A good textbook provides an up-to-date introduction to a subject written in clear, accessible language, with summary overviews and questions to test a student’s understanding. It can also have lists of key concepts, glossaries and essential writings. The best include attractive visual material and extensive web references, with great learning potential. Few titles on this list are textbooks in this strict sense; most provide a competent overview or substantial introduction to a specific field, theme or religious tradition. Some contain rich resources for intensive study and background reading.
Textbooks in this wider sense vary enormously, ranging from the briefest summaries to substantial research monographs. Some have become so well established that they have been republished in updated editions, such as Harvey’s comprehensive An Introduction to Buddhism: Teachings, History and Practices, Baldick’s Mystical Islam: An Introduction to Sufism and Warner’s acclaimed monograph, Alone of All Her Sex: The Myth and the Cult of the Virgin Mary. Quite different are the overviews in Oxford University Press’ Very Short Introductions series, whose religion-focused titles now include Martyrdom, Rastafari, The Devil, Spirituality and a revised edition of Buddhism. Hodder Education has launched a similar short-format series, All That Matters, which includes titles on Muhammad, Judaism and God.

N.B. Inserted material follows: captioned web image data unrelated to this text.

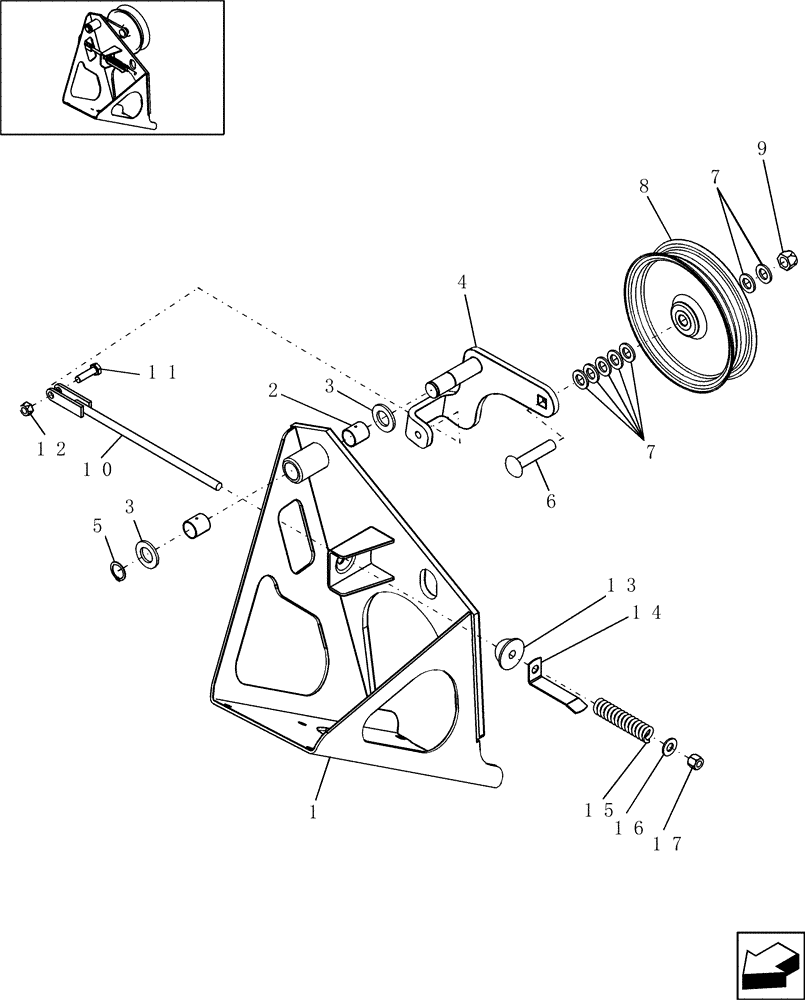 Схема запчастей Case IH 7010 - (74.101.05[01]) - TENSIONER - 7010/8010 (74) - CLEANING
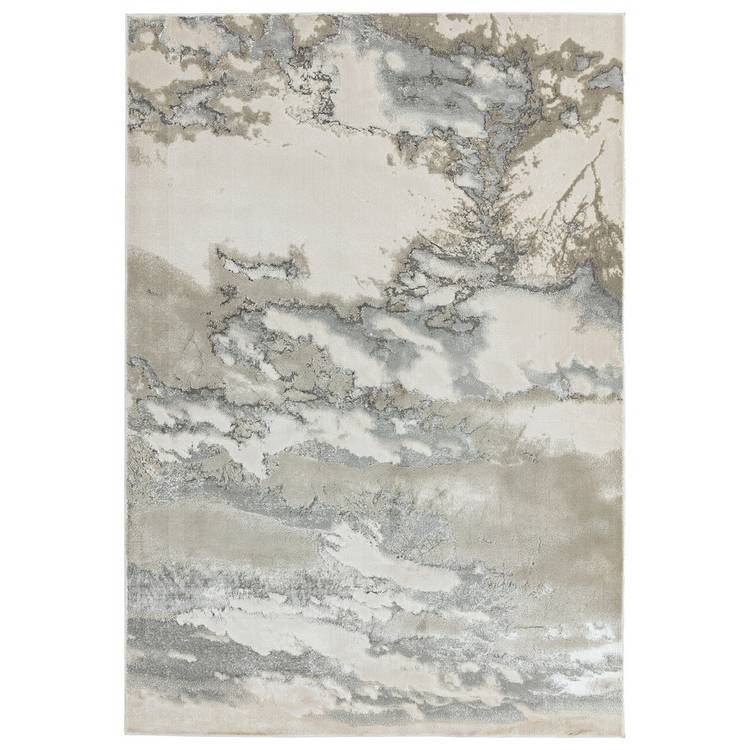 Asiatic Aurora Shiny Marble Grey Cut Pile Rug - 150x80cm 0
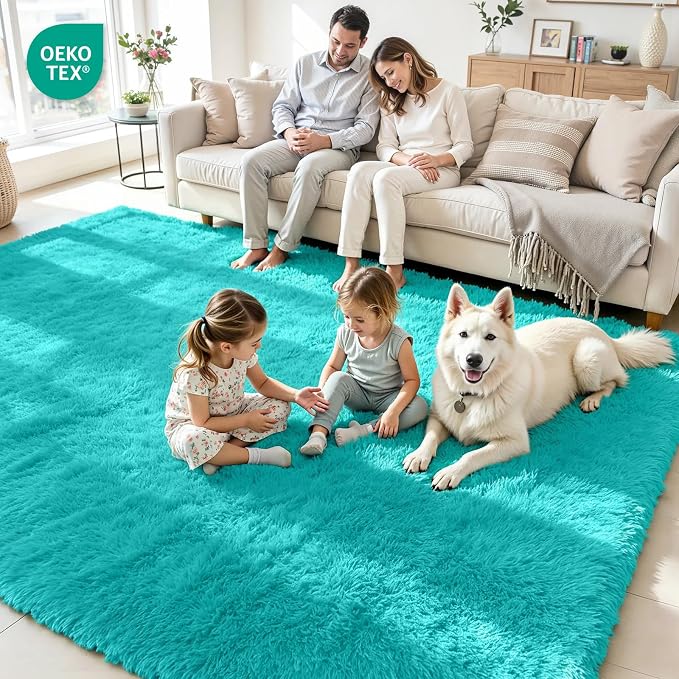 8x10 Area Rug for Living Room, Ultra Soft Fluffy Turquoise Rugs for Bedroom, Non Slip Large Shag Carpet, Fuzzy Plush Nursery Rug, Thick Washable Indoor Floor Carpets for Kids Office Dorm Home Decor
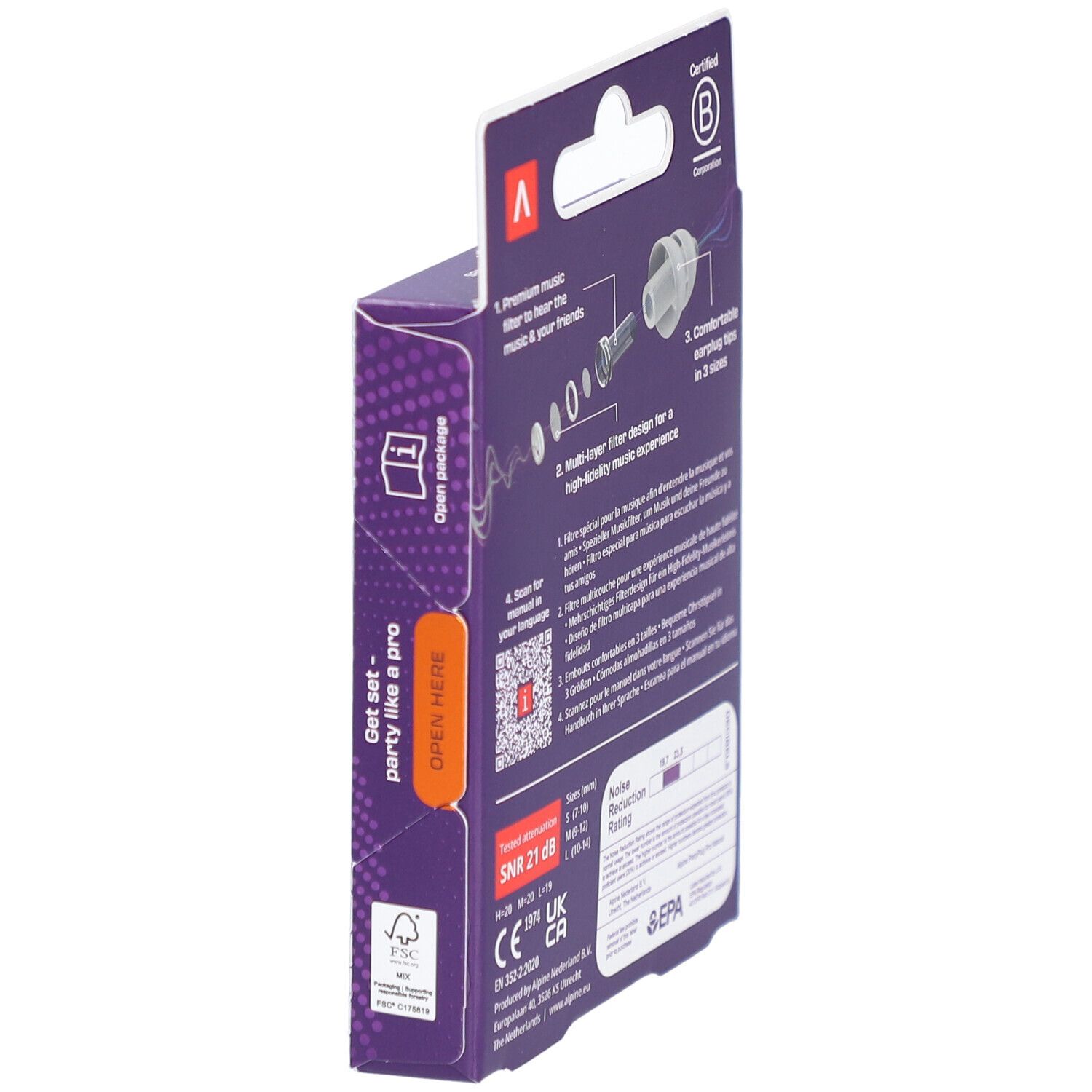 Verpackung Alpine PartyPlug Pro. Enthält Ohrstöpsel, Filter. 3 Größen. SNR 21 dB. FSC-zertifiziert.
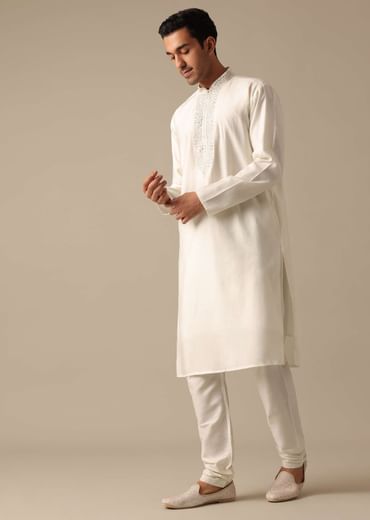 White Mirror Embellished Sherwani Set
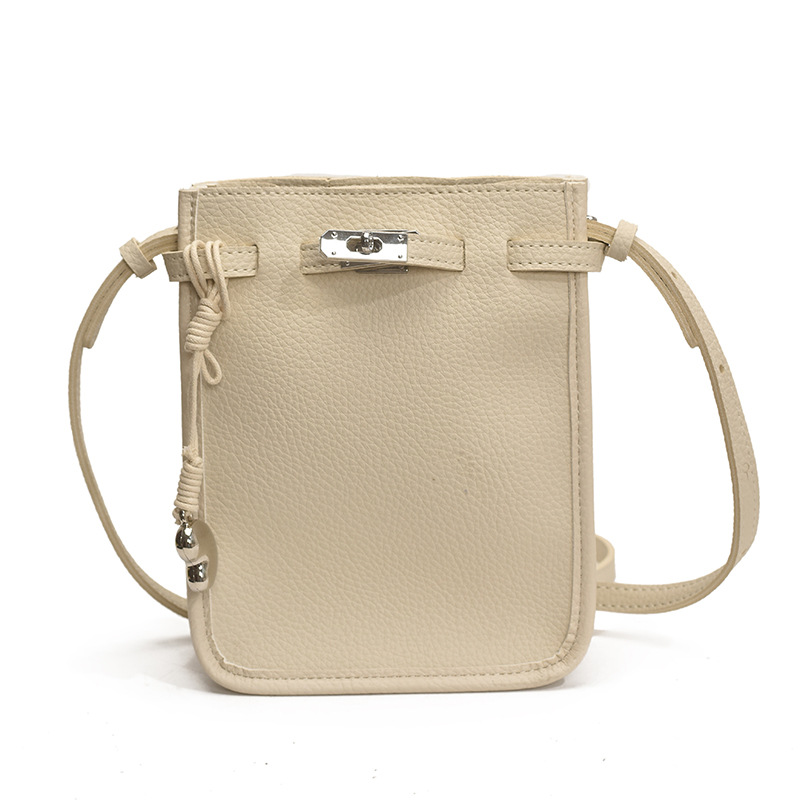 Bolso de teléfono móvil popular de este año 2025 verano nuevo bolso femenino bolso de hombro con patrón de lichi simple bolso de mensajero de todo fósforo de moda
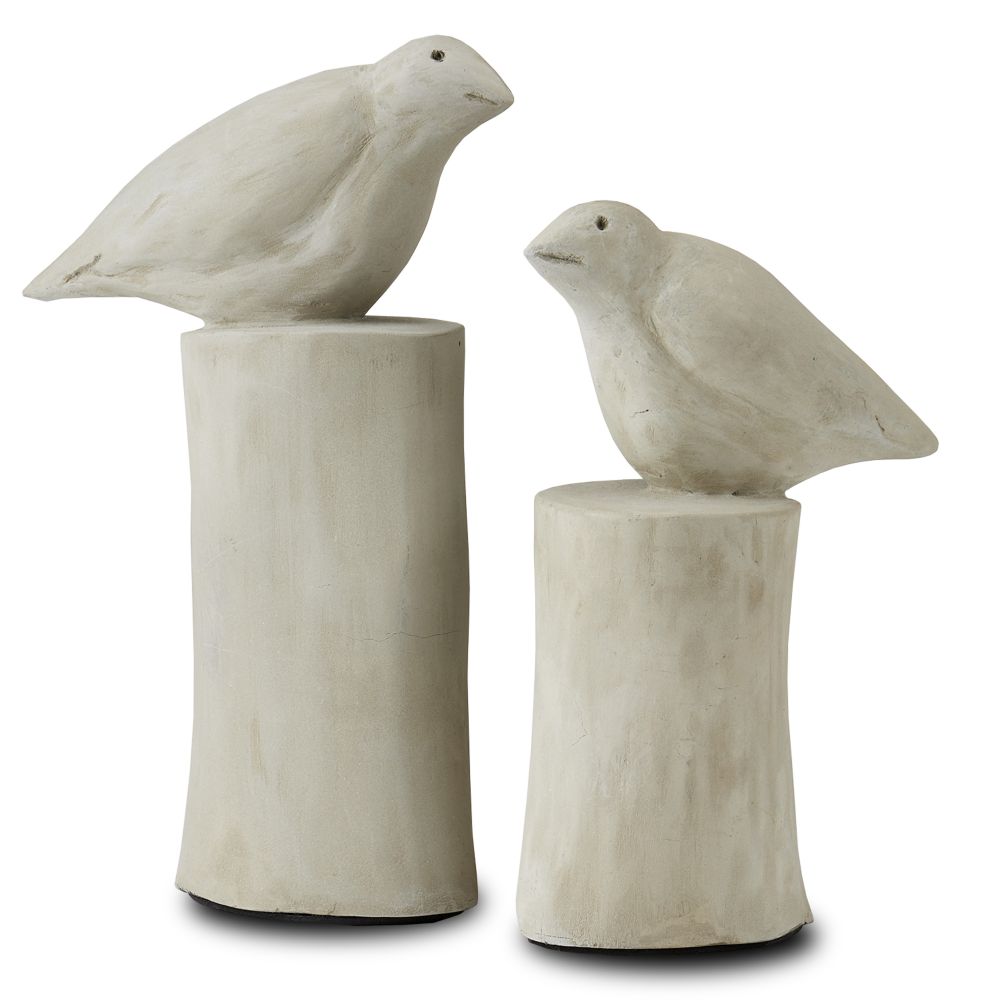 Currey and Company 2200-0025 Concrete Birds Set of 2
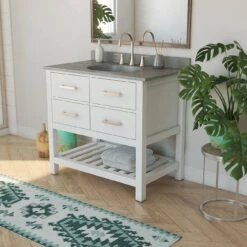 Everett 36 Inch Birch And Oak Console Vanity With Oval Integral Sink - White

A short text can whet one’s appetite, but the serious study of any discipline requires critical analysis and clear guidance for students to find their way through the maze of an ever-growing academic literature, especially when the simple conjunction of theology and religious studies hides many differences in approach, background and themes between these two cognate, yet often quite separate, areas of enquiry. Biblical studies are foundational to theology, but so too are Church history, doctrine, philosophy and ethics. More recently, sociology, religious pluralism and interfaith dialogue have grown in importance. Religious studies is tradition-specific, whether concerned with Hinduism, Buddhism, Judaism, Christianity, Islam or other faiths. It includes questions about the meaning and function of religion past and present, issues of contemporary social justice, peace and violence, ecology, gender, globalisation and the impact of these on contemporary religious practice.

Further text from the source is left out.